CW: graphic violence, implied child trafficking

3. All About Love – Sierra
directed by Parker Gayan

The best way to describe this is David Fincher-esque. Not just in style or presentation either – it’s difficult to tell what’s a literal story and what’s metaphor. Is it a video about a woman out to stop child traffickers? Is it about a woman literally killing the man who raised her? Is it a metaphor about closing a connection to your past, and gaining a level of control over abuse and trauma suffered in childhood?

All of those are potential reads, and they don’t necessarily disagree. It could be all of them, and that’s what elevates something that might otherwise come across as just a stylistic experiment. There’s a complexity in how we read this and what details we draw from to fill in the narrative.

2. Mate – Mobley
directed by Mobley

There have been a lot of MVs about two people connecting but unable to meet or touch. The theme reflects people’s experiences during a pandemic that’s entered its second year. Many have centered around people being able to be together in virtual worlds like MMOs, paired with a mix of both joy and added frustration that this brings. Yet this can also backseat a focus on characters themselves.

What I love about “Mate” by Mobley is that it’s most focused on what connects these characters, what they teach each other, what they find in each other that’s beautiful and shared. A lot of these videos focus on longing, but few focus on what makes their characters such a good match, few speak to the audience that what they’re teaching each other includes things that we should be learning as well.

1. Fireworks – Purple Disco Machine ft. Moss Kena & The Knocks
directed by Greg Barth

Nobody could have predicted the most perfect music video ever made would be a documentary beamed to us from the future.

Other videos we liked this month:

“Anhedonia” sees two of gothic rock’s most creative artists come together: Chelsea Wolfe & Emma Ruth Rundle. It’s a beautiful stop-motion video that creates a safe harbor for those in the midst of depression, that offers a space for patience that can sometimes seem very distant.

“Where the Time Went” is a return for Ex: Re, the solo project by Daughter frontwoman Elena Tonra. There are a lot of music videos documenting eerily empty spaces in the middle of a pandemic, but this one goes a little further by echoing the automation of a city still running, and of apartments that aren’t empty but that may as well be a thousand miles away to the passerby.

“Sorrows” by Bryson Tiller is a beautifully shot metaphor for coping badly with heartbreak. One of the most interesting discussions in this month’s email thread is whether or not it’s based on 1998 sci-fi noir “Dark City” – the billboard for a beach that doesn’t exist and the preponderance of clocks and figures using human faces is hard to overlook.

“The Princess and the Clock” is a painterly animation of a fairy tale, either hopeful or tragic depending on how you read it. Kero Kero Bonito have a habit for hiding thematic knives within bright, happy, synth-tickling dream pop.

“Client” by Waveshaper is a narrative about loss and the choices we make told with superb retro flourish.

“Man in Me” by Madi Diaz is an effective metaphor shot in a single take, but it’s impossible to describe without ruining the message it conveys.

“Blijven Slapen” by Snelle & Maan is a story about two people who – through the power of editing – keep falling into new places where more and more people dance with them.

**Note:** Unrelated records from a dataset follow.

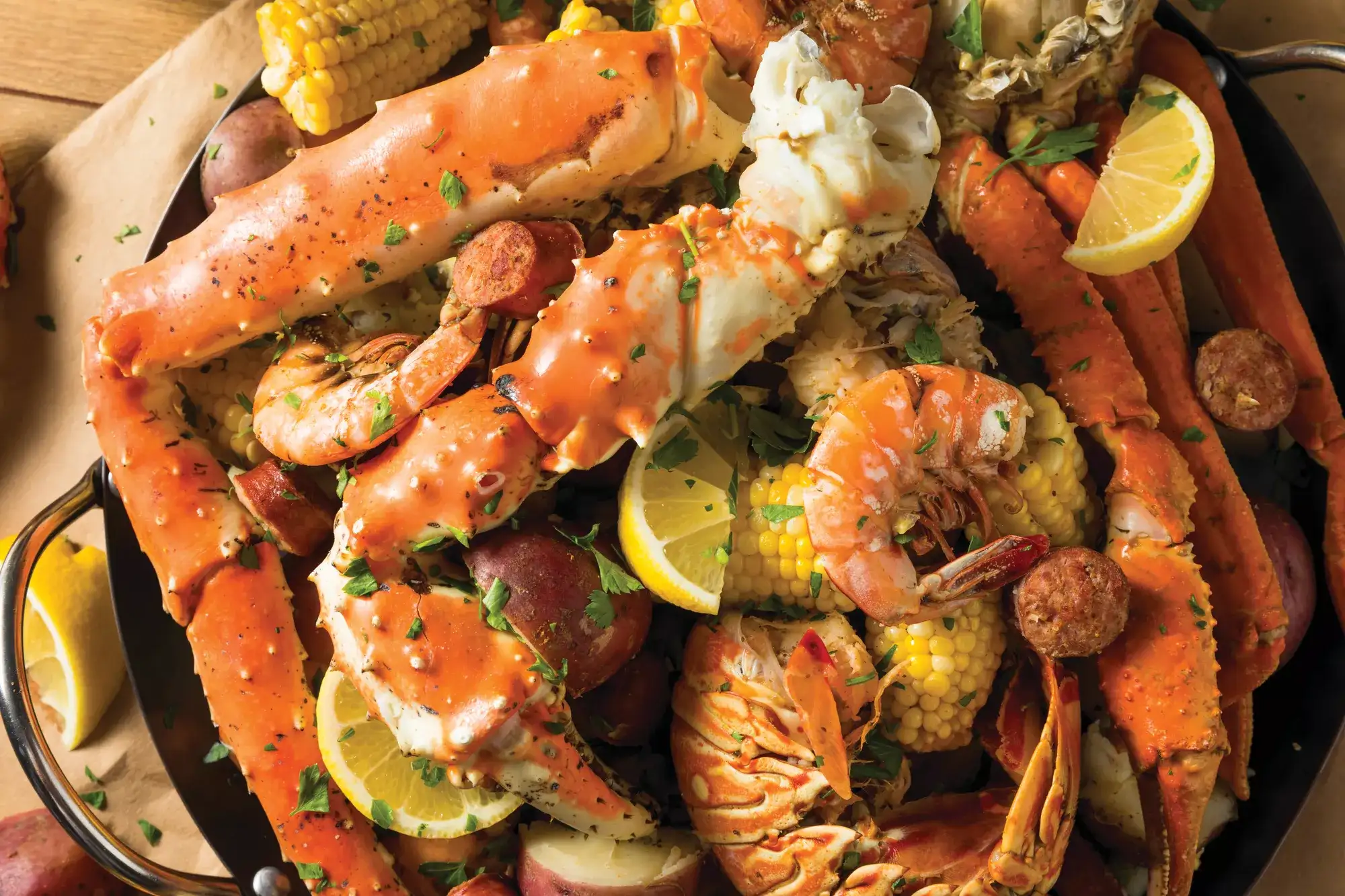 Cajun seafood boil
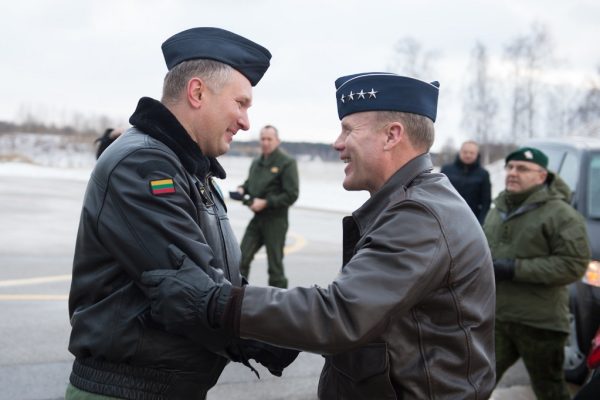  Krašto apsaugos ministras R. Karoblis: „NATO oro policija yra ne tik sąjungininkų vienybės įrodymas“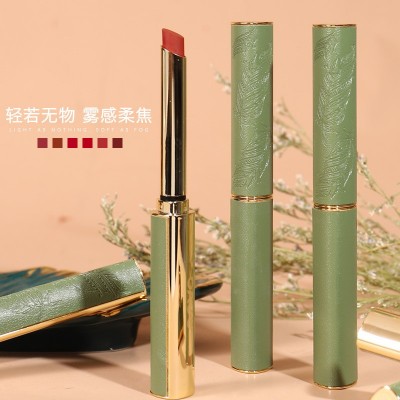 彩妆复古小细管丝绒口红 小羊皮学生平价不沾杯哑光雾面唇膏5431图5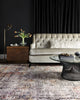 Loloi Medusa MED-07 Graphite/Sunset Area Rug Lifestyle Image Feature
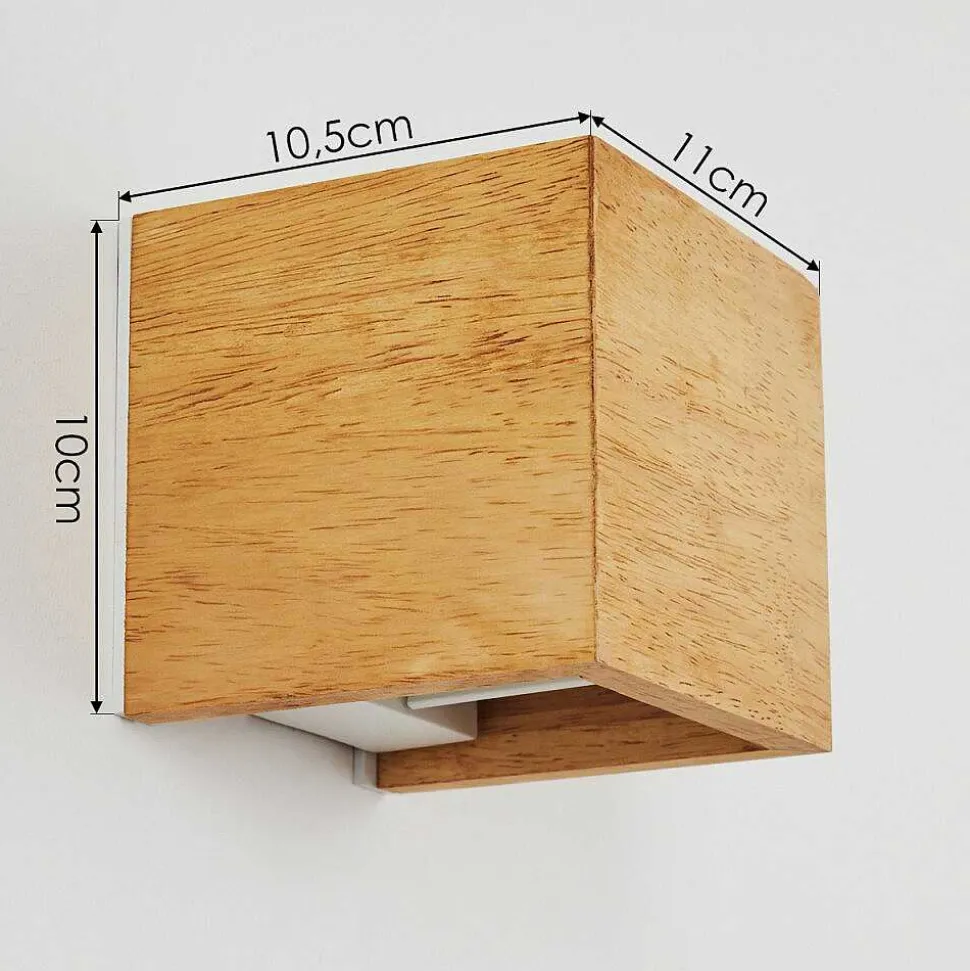 Applique Murale Badajoz Ecru, Blanc, 1 Lumiere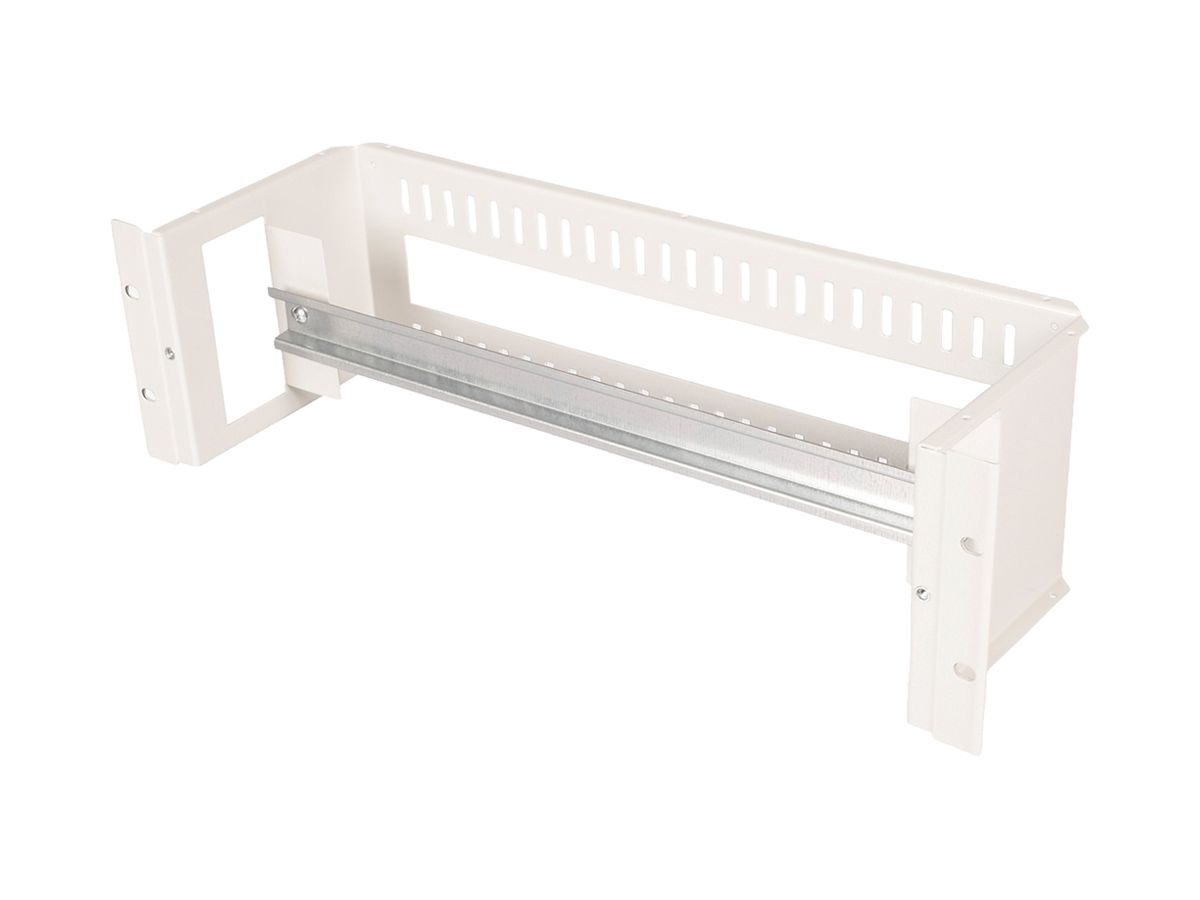 Einschub 19“ mit Tragschiene ROLINE 485×130×150mm grau Montageschiene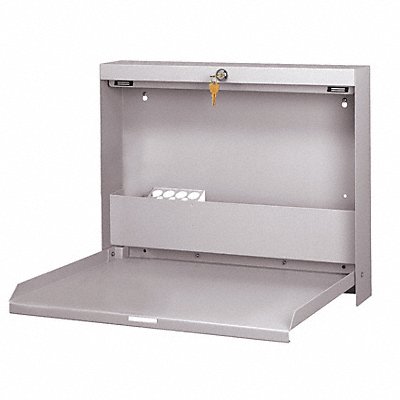 WALLWRITE WW100T47 Wall Mounted Desk 20x16-3/8x3-3/8In Grey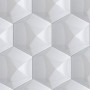 Hexagon Piramidal Blanco Brillo 17x15 Decus - 3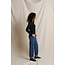 PERFECT WHITE TEE LISA L/S STRIPE TEE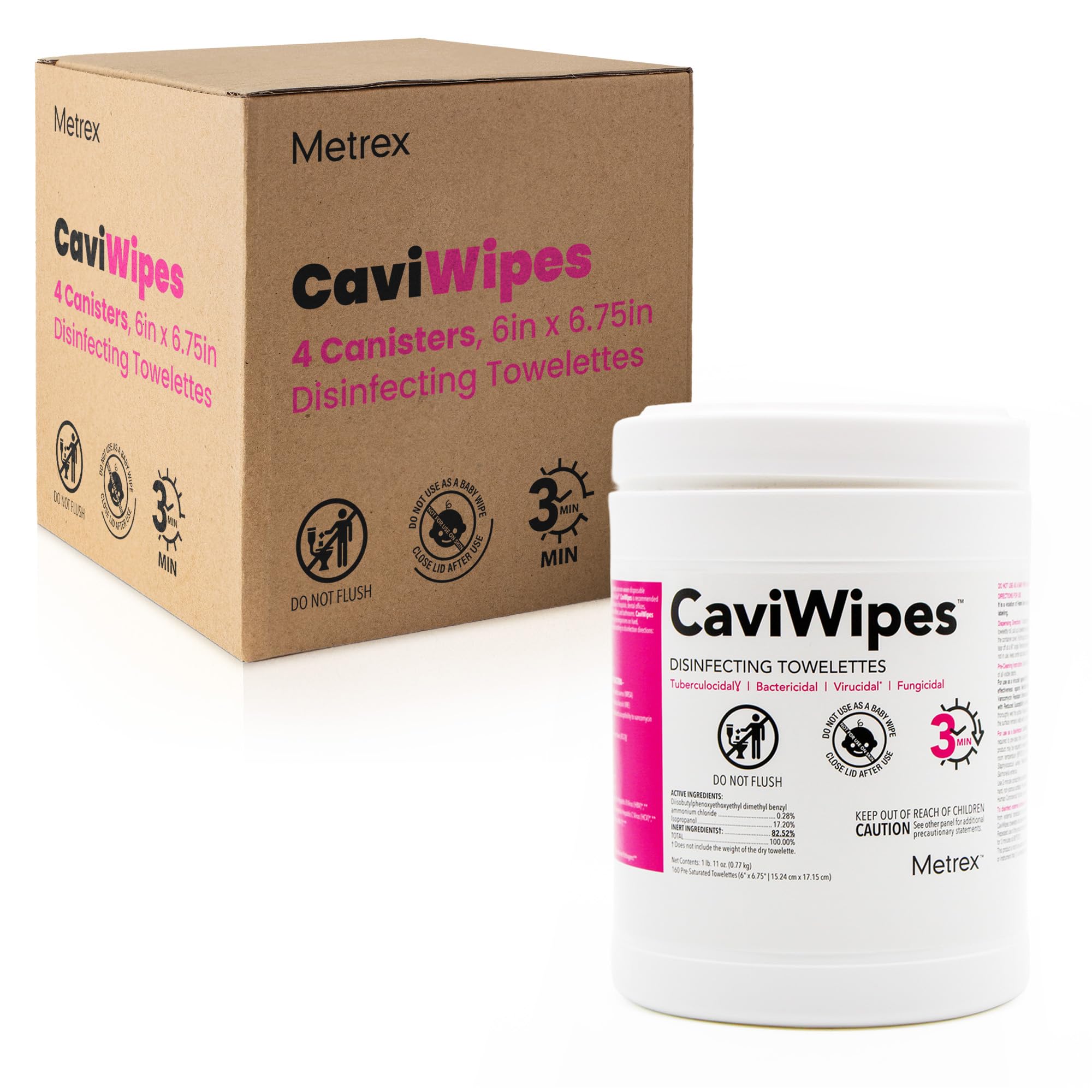 Metrex CaviWipes Disinfecting Towelettes Alcohol-Based Wipes


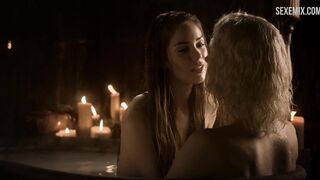 Game of Thrones'taki seksi Roxanne McKee erotik sahnesi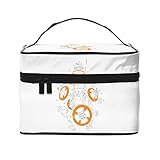 スターウォーズbb-8 アニメ 化粧ポーチ コスメポーチ 大容量 メイクポーチ トラベルポーチ コスメ収納 小物入れ 洗面用具入れ 旅行グッズ 出張先 多機能的 超軽量 グッズ キャラクター 人気 プレゼント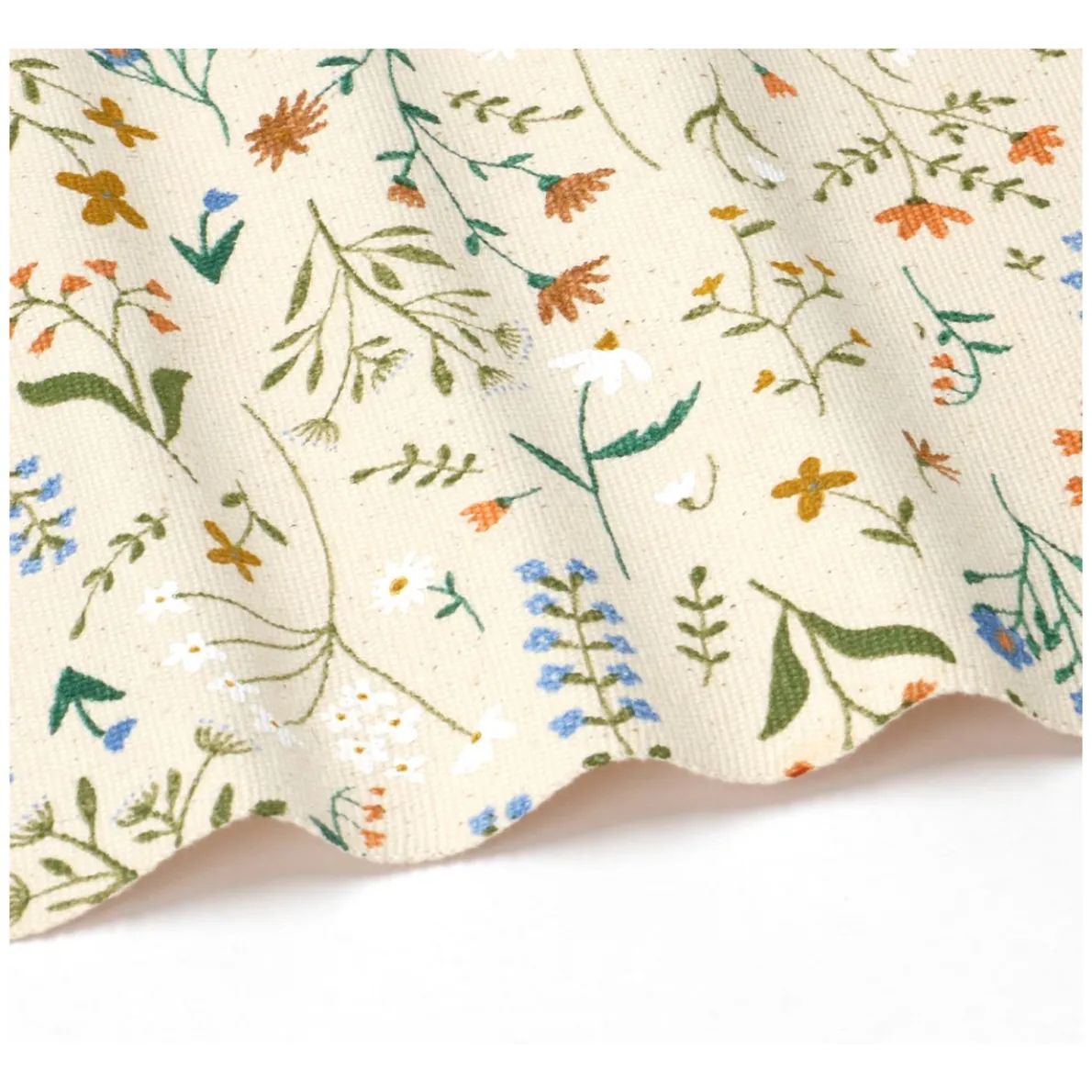 Placemat, GOTS bio-katoen, veldbloemen, 35 x 50 cm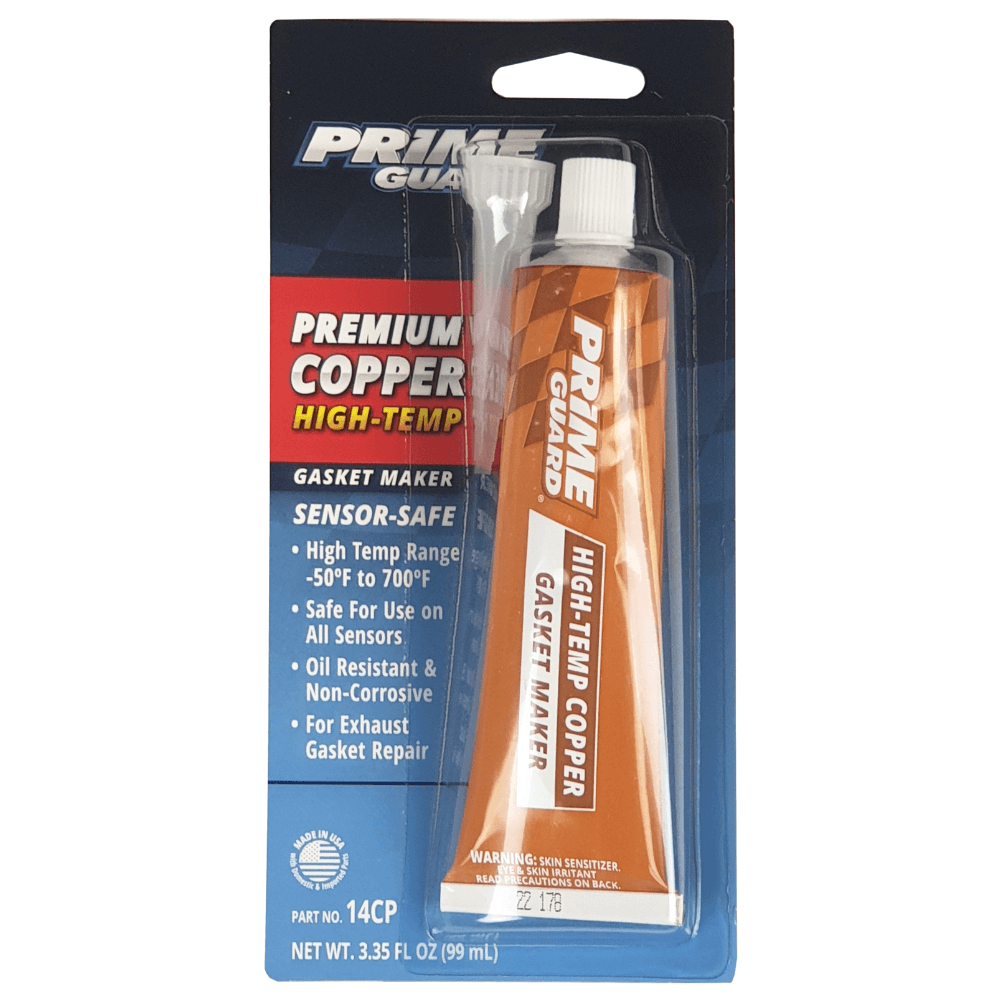 Prime Guard Premium High-Temp Copper Gasket Maker 99mL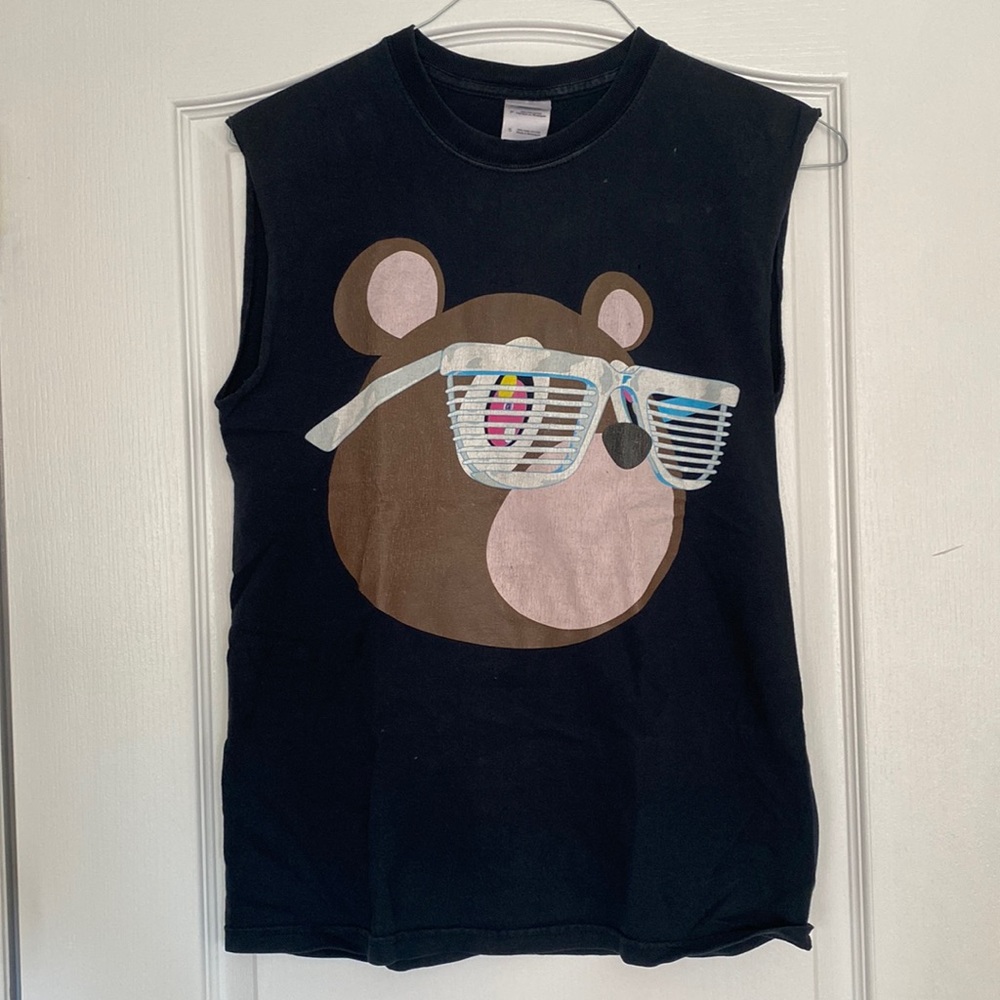 Kanye West Vintage Glow In The Dark 2007 concert tee, size small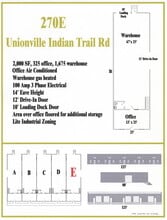 270 Unionville Indian Trail Rd, Indian Trail, NC à louer Plan d’étage- Image 1 de 1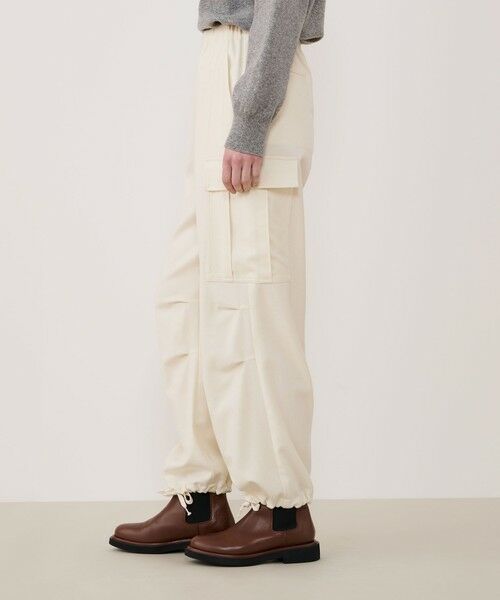 TOMORROWLAND / トゥモローランド カーゴパンツ | ウールサキソニー イージーカーゴパンツ | 詳細3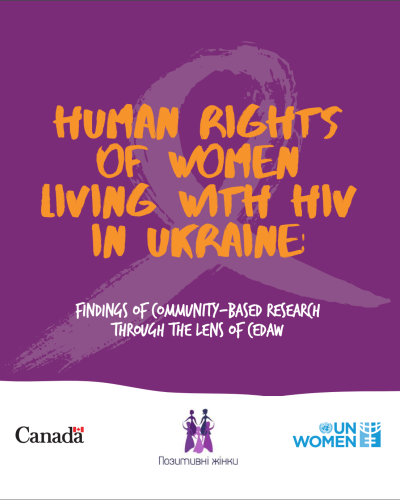 Extreem stromen majoor Human Rights of Women Living with HIV in Ukraine: Results of  Community-Based Research Through the Lens of CEDAW | United Nations in  Ukraine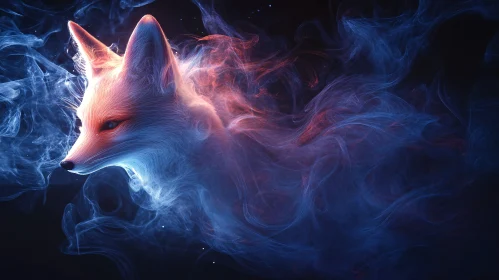 Mystic Fox in Smoky Veil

I don’t remember it all that well, but this is what life was like before the pandemic, right?

“Sunny in the Making” by Steady Holiday is a great single take video about anxiety, impostor syndrome, self-doubt, and that moment when you’re able to realize something artistic as passionately as you want.

I mentioned CHUNG HA’s “Bicycle” earlier when talking about K-pop, but the Korean-English-Spanish song and its superb dance video is absolutely worth highlighting on its own.